[Scraped caption text data]
((

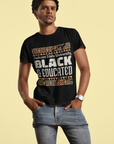 Black crew neck short sleeve T-shirt worn by a man, featuring 'BLACK & Educated' text logo.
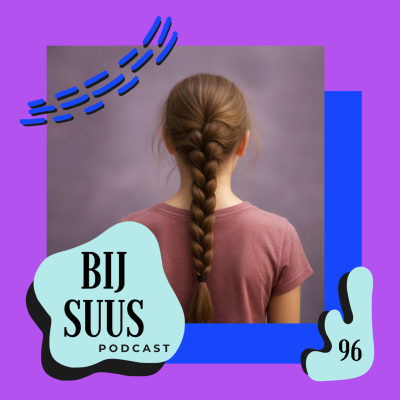 episode Wie is Mia? (deel 1) | Bij Suus #96 artwork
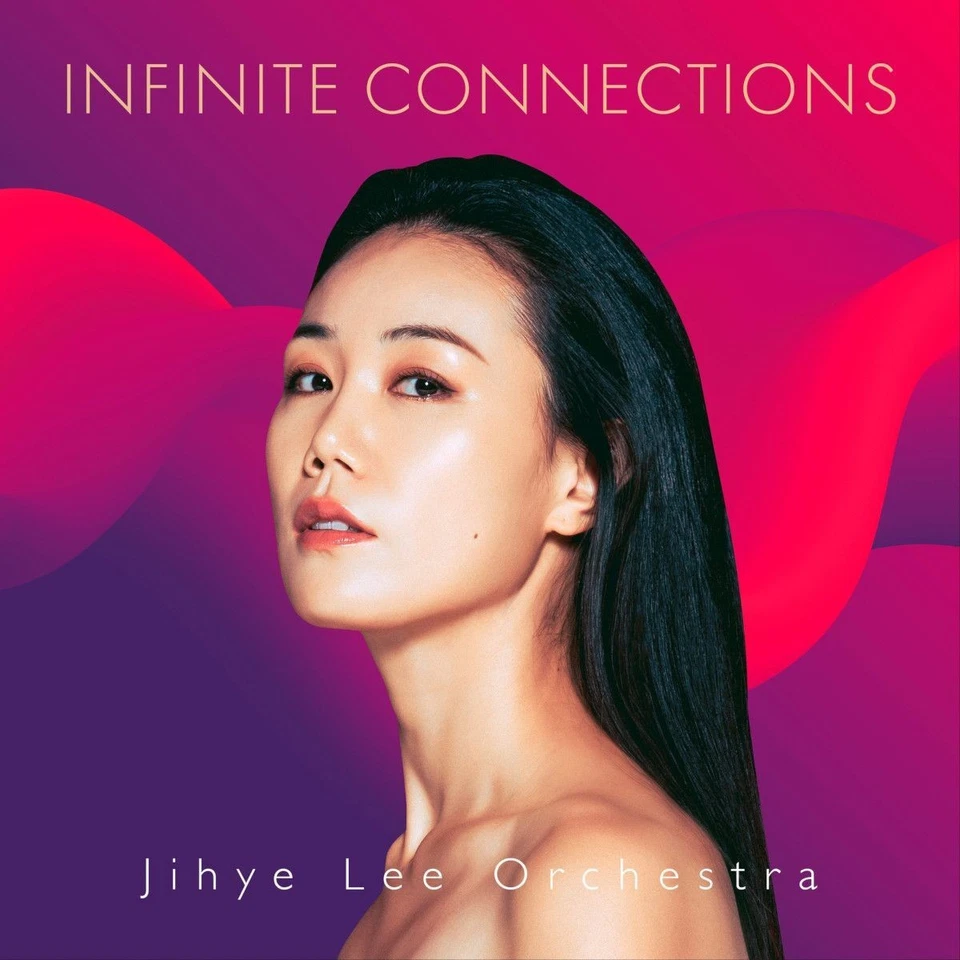 Альбом Jihye Lee Orchestra Infinite Connections (CD) - Изображение 1 из 1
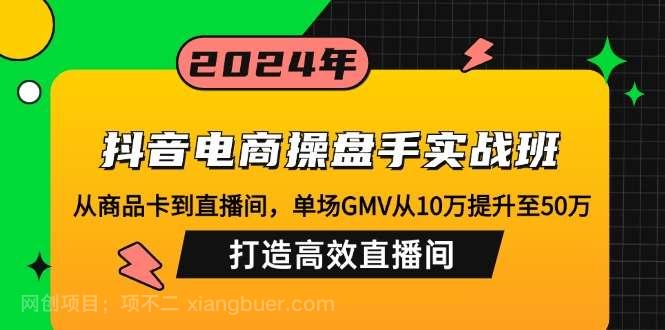 【第13854期】抖音电商操盘手实战班：从商品卡到直播间，单场GMV从10万提升至50万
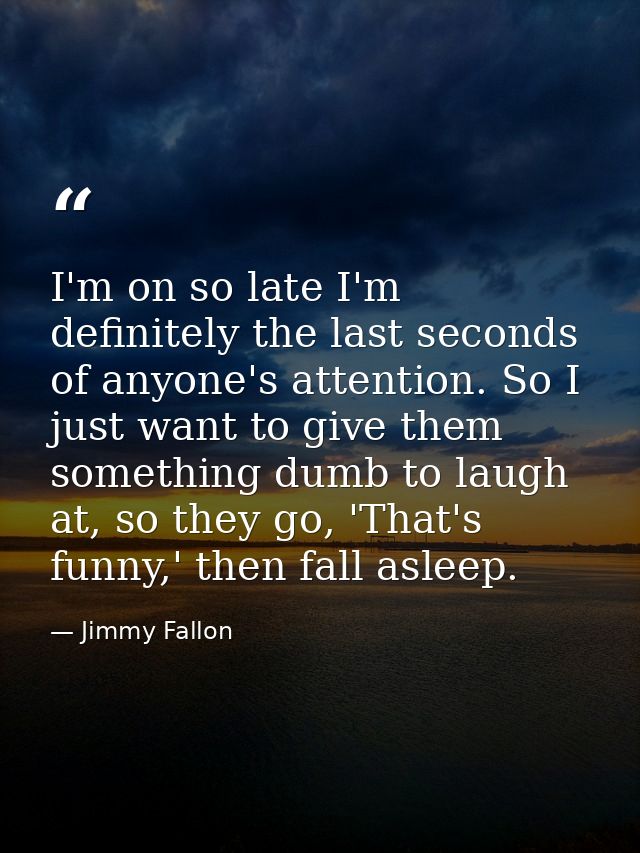 I'm on so late I'm definitely the last seconds of anyone's attention. So I just want to give them something dumb to laug — Jimmy Fallon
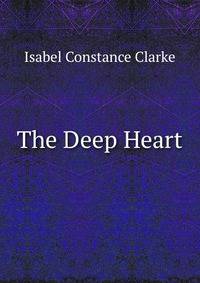 The Deep Heart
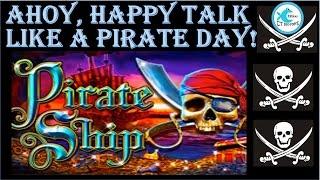 Pirate Ship Slot Machine Bonus - Multiple Retriggers - WMS - Happy Talk Like A Pirate Day!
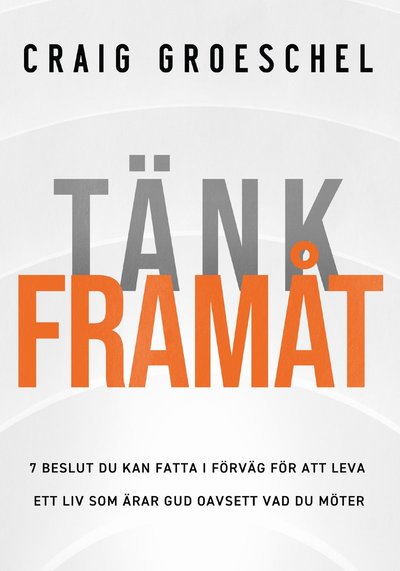 Cover for Craig Groeschel · Tänk framåt : 7 beslut du kan fatta i förväg för att leva ett liv som ärar gud oavsett vad du möter (Taschenbuch) (2024)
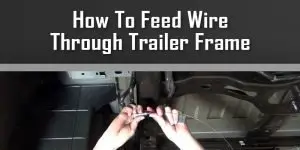 how to feed wire through trailer frame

))

# Your goal
The pictures stay out; copy the rest of the data word for word.

# Answer box
 Black crew neck short sleeve T-shirt worn by a man, featuring 'BLACK & Educated' text logo.
 episode Wie is Mia? (deel 1) | Bij Suus #96 artwork
 Альбом Jihye Lee Orchestra Infinite Connections (CD) - Изображение 1 из 1
 【第13854期】抖音电商操盘手实战班：从商品卡到直播间，单场GMV从10万提升至50万
 I'm on so late I'm definitely the last seconds of anyone's attention. So I just want to give them something dumb to laug — Jimmy Fallon
 The Deep Heart
 Pirate Ship Slot Machine Bonus - Multiple Retriggers - WMS - Happy Talk Like A Pirate Day!
 Cover for Craig Groeschel · Tänk framåt : 7 beslut du kan fatta i förväg för att leva ett liv som ärar gud oavsett vad du möter (Taschenbuch) (2024)
 how to feed wire through trailer frame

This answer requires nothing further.